When you restate the data, keep every word as it is and drop the images.

* _DATASET CONTENT_
###

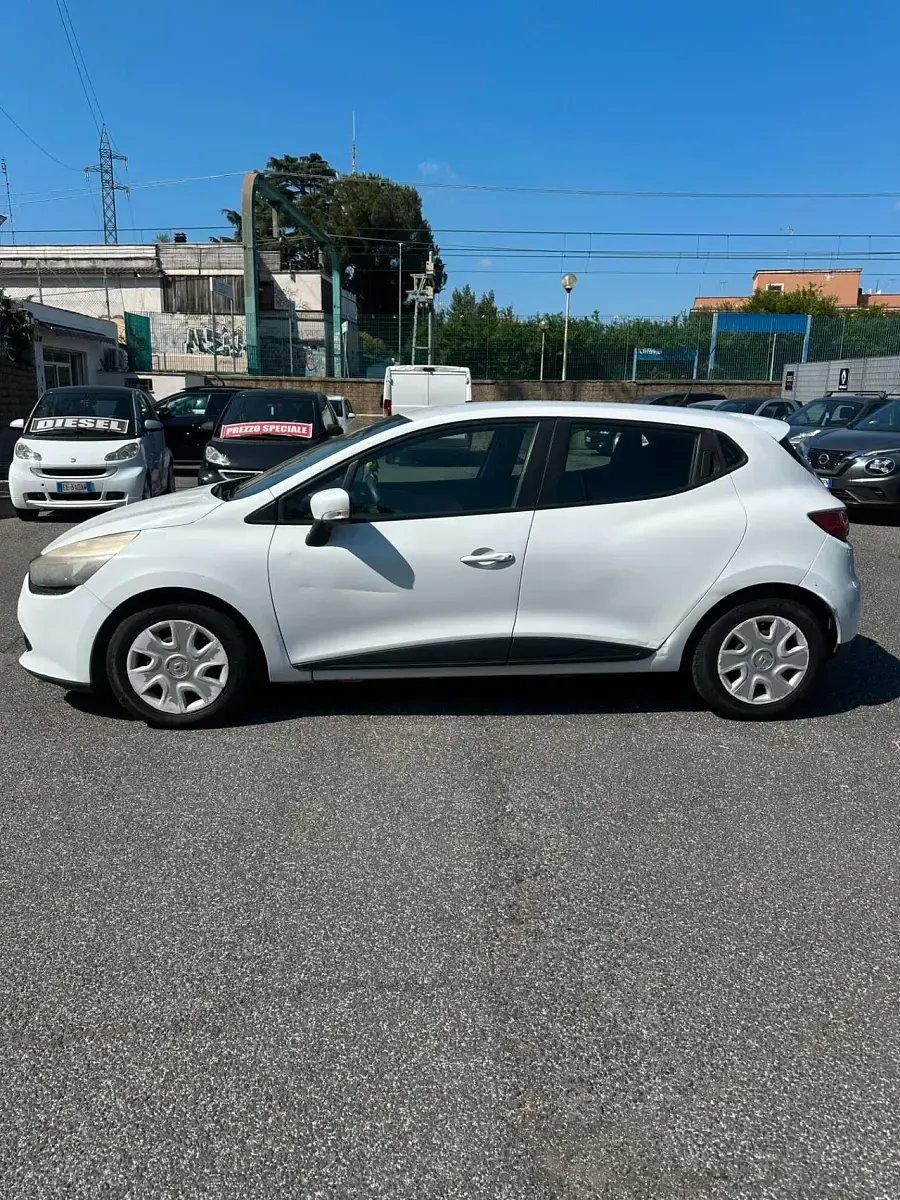 Usata Renault Clio IV 72 CV (52 kW) 2014 Bianco Berlina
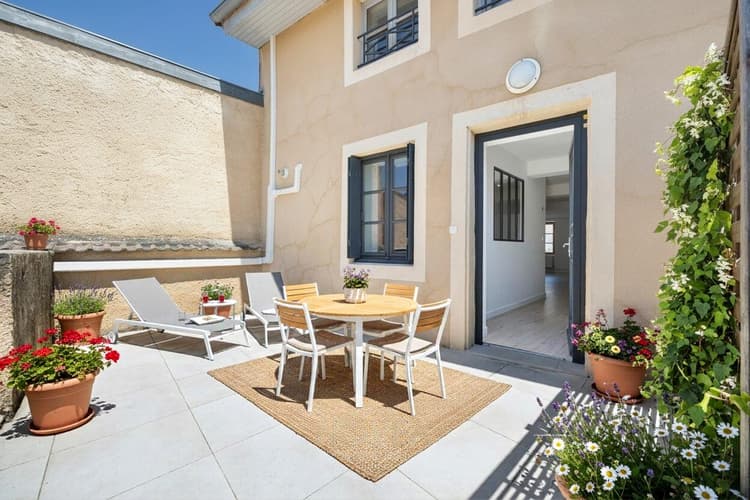 Duplex 100 m2 hyper centre avec terrasse au calme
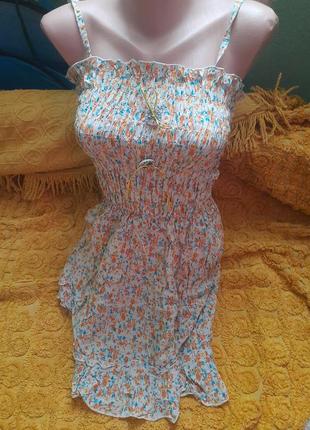 Очень красивое, можно носить как тунику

###

* _RESPONSE TO THIS TASK_
 Usata Renault Clio IV 72 CV (52 kW) 2014 Bianco Berlina
 Duplex 100 m2 hyper centre avec terrasse au calme
 Очень красивое, можно носить как тунику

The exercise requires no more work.